Metadata-Version: 2.1
Name: globre
Version: 0.1.5
Summary: A glob matching library, providing an interface similar to the "re" module.
Home-page: http://github.com/metagriffin/globre
Author: metagriffin
Author-email: mg.pypi@uberdev.org
License: GPLv3+
Keywords: python glob pattern matching regular expression
Platform: any
Classifier: Development Status :: 4 - Beta
Classifier: Intended Audience :: Developers
Classifier: Programming Language :: Python
Classifier: Operating System :: OS Independent
Classifier: Natural Language :: English
Classifier: License :: OSI Approved :: GNU General Public License v3 or later (GPLv3+)
License-File: LICENSE.txt

==========================
Glob-Like Pattern Matching
==========================

Converts a glob-matching pattern to a regular expression, using Apache
Cocoon style rules (with some extensions).

TL;DR
=====

Install:

.. code:: bash

  $ pip install globre

Use:

.. code:: python

  import globre

  names = [
    '/path/to/file.txt',
    '/path/to/config.ini',
    '/path/to/subdir/base.ini',
  ]

  txt_names = [name for name in names if globre.match('/path/to/*.txt', name)]
  assert txt_names == ['/path/to/file.txt']

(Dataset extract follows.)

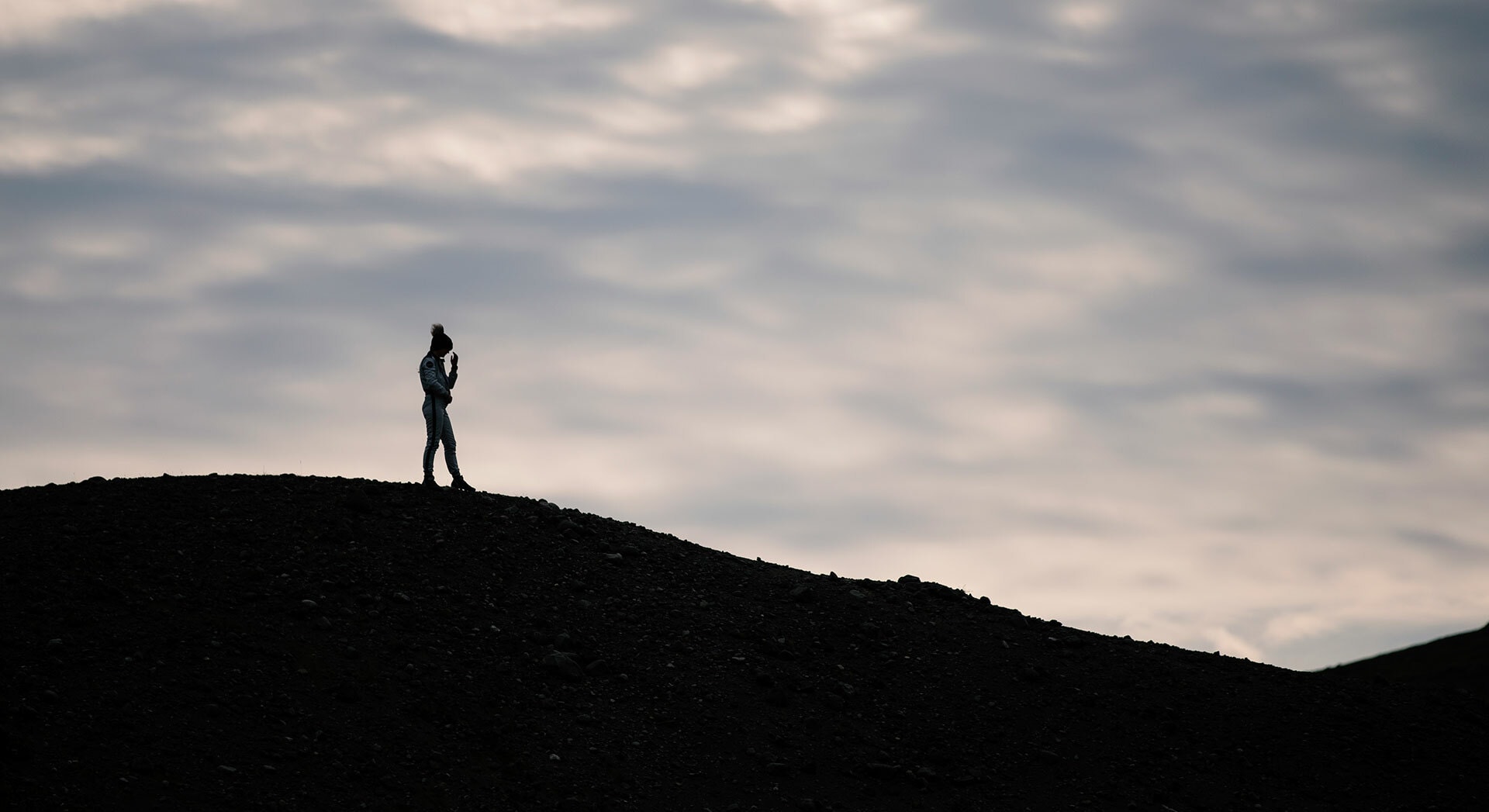 Figura humana en contraluz sobre paisaje sombrío.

  ini_names = [name for name in names if globre.match('/path/to/*.ini', name)]
  assert ini_names == ['/path/to/config.ini']

  all_ini_names = [name for name in names if globre.match('/path/to/**.ini', name)]
  assert all_ini_names == ['/path/to/config.ini', '/path/to/subdir/base.ini']


Details
=======

This package basically allows using unix shell-like filename globbing
to be used to match a string in a Python program. The glob matching
allows most characters to match themselves, with the following
sequences having special meanings:

=========  ====================================================================
Sequence   Meaning
=========  ====================================================================
``?``      Matches any single character except the slash
           ('/') character.
``*``      Matches zero or more characters *excluding* the slash
           ('/') character, e.g. ``/etc/*.conf`` which will *not*
           match "/etc/foo/bar.conf".
``**``     Matches zero or more characters *including* the slash
           ('/') character, e.g. ``/lib/**.so`` which *will*
           match "/lib/foo/bar.so".
``\``      Escape character used to precede any of the other special
           characters (in order to match them literally), e.g.
           ``foo\?`` will match "foo" followed by a literal question mark.
``[...]``  Matches any character in the specified regex-style character range,
           e.g. ``foo[0-9A-F].conf``.
``{...}``  Inlines a regex expression, e.g. ``foo-{\\D{2,4\}}.txt`` which
           will match "foo-bar.txt" but not "foo-012.txt".
=========  ====================================================================

The `globre` package exports the following functions:

* ``globre.match(pattern, string, sep=None, flags=0)``:

  Tests whether or not the glob `pattern` matches the `string`. If it
  does, a `re.MatchObject` is returned, otherwise ``None``. The `string`
  must be matched in its entirety. See `globre.compile` for details on
  the `sep` and `flags` parameters. Example:

  .. code:: python

    globre.match('/etc/**.conf', '/etc/rsyslog.conf')
    # => truthy

* ``globre.search(pattern, string, sep=None, flags=0)``:

  Similar to `globre.match`, but the pattern does not need to match
  the entire string. Example:

  .. code:: python

    globre.search('lib/**.so', '/var/lib/python/readline.so.6.2')
    # => truthy

* ``globre.compile(pattern, sep=None, flags=0, split_prefix=False)``:

  Compiles the specified `pattern` into a matching object that has the
  same API as the regular expression object returned by `re.compile`.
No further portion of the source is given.